Według niego, mamy obecnie do czynienia z pierwszymi przypadkami wybuchów pożarów, które "powinny być w trybie pilnym wyjaśniane". "Lewica zwraca się do ministra spraw wewnętrznych i administracji, nowego ministra, którego bardzo cenimy, o pilne wyjaśnienie tych incydentów. Tak, abyśmy jako społeczeństwo szybko otrzymali odpowiedź, dlaczego dochodzi do serii dość podejrzanych podpaleń" - wskazał Biedroń.
Dodał, że na to wszystko nakłada się sytuacja z b. sędzią Tomasz Sz., który "nagle ucieka z Polski, prosi o azyl w państwie wrogim". "Zachodzi podejrzenie, że pan sędzia Sz. uciekł, bo wiedział, że służby specjalne mogą mu już deptać po piętach" - stwierdził Biedroń. Zadeklarował, że Lewicy popiera pomysł powołania komisji specjalnej w strukturach rządowych.
"Jesteśmy propaństwowi. Uważamy, że dobra komisja specjalna badające wpływy rosyjskiej i białoruskie w Polsce nie będzie zła" - ocenił. Wskazał, że Lewica chce, aby w takiej komisji znaleźli się profesjonaliści, ludzie, którzy cieszą się ponadpartyjnym zaufaniem.
"Dla nas bardzo istotne jest, aby w sprawach wagi państwowej nie uprawiać tej wiecznej wojny polsko-polskiej pomiędzy dwoma obozami politycznymi. Nie damy się wpisać w taki model, w którym państwo staje się zakładnikiem jednej czy drugiej partii politycznej. Przerabialiśmy to przez ostatnie osiem lat, nie chcemy jako Lewica do tego wracać" - powiedział Biedroń. Dodał, że jego środowisko polityczne będzie współpracowało z premierem w zakresie powołania tej komisji.

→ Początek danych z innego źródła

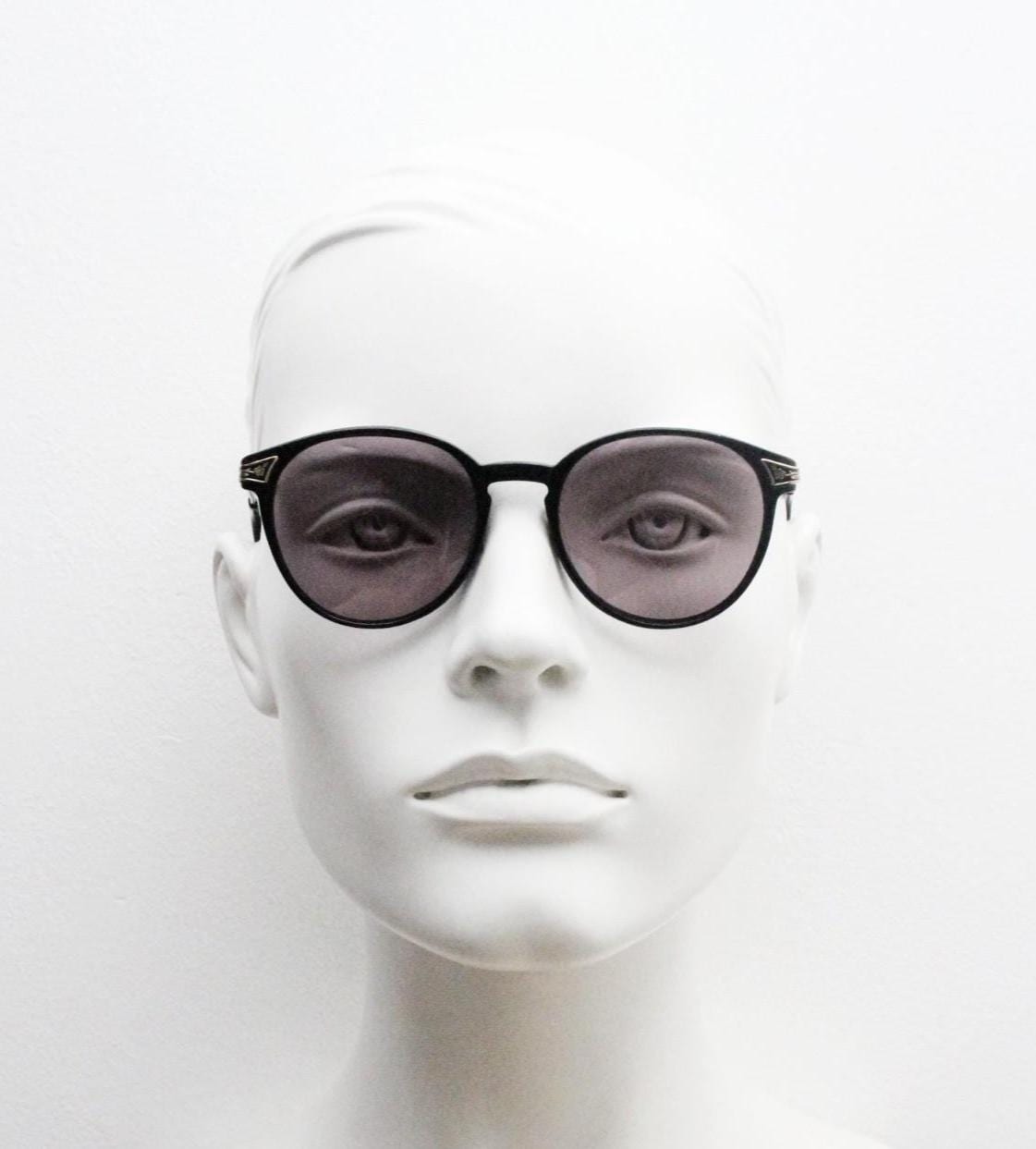 Laura Ashley 90s vintage round sunglasses. Refined 1940s design in black acetate with ornate embossed metal arm details. Unused NOS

Biedroń wskazał, że Lewica jest po pierwszych konsultacjach z premierem i na mapę Polski wrócą delegatury ABW. "Delegatura w Bydgoszczy także wraca na mapę Polski. Prawdopodobnie na początku lipca zostanie utworzona ponownie taka delegatura w regionie kujawsko-pomorskim" - podkreślił.
Europoseł poparł lidera listy Lewicy do PE w okręgu kujawsko-pomorskim Piotra Kowala. Kowal ocenił, że "potrzebny jest duży program, który będzie działał jak europejska karta dużej rodziny". "Seniorzy zwiedzając całą UE, będą mogli korzystać z systemu zniżek i ułatwień, jeżeli chodzi o dostęp do instytucji kultury, ale i wydarzeń kulturalnych. To jest jeden z elementów. Proponujemy również europejski bon turystyczny dla seniorów" - mówił kandydat w wyborach do PE.
Podkreślił, że jest samorządowcem, a samorządy nie mogą uciekać od obowiązku organizowania czasu dla osób starszych. "Dziś UE przekazuje środki samorządom na współorganizowanie tych miejsc. Jesteśmy w okresie srebrnej rewolucji, więc będą potrzebne większe nakłady finansowe, większa oferta takich miejsc. Jeżeli w PE zasiądą w dużej liczbie przedstawiciele naszej frakcji, to jestem przekonany, że tak się stanie" - mówił Kowal.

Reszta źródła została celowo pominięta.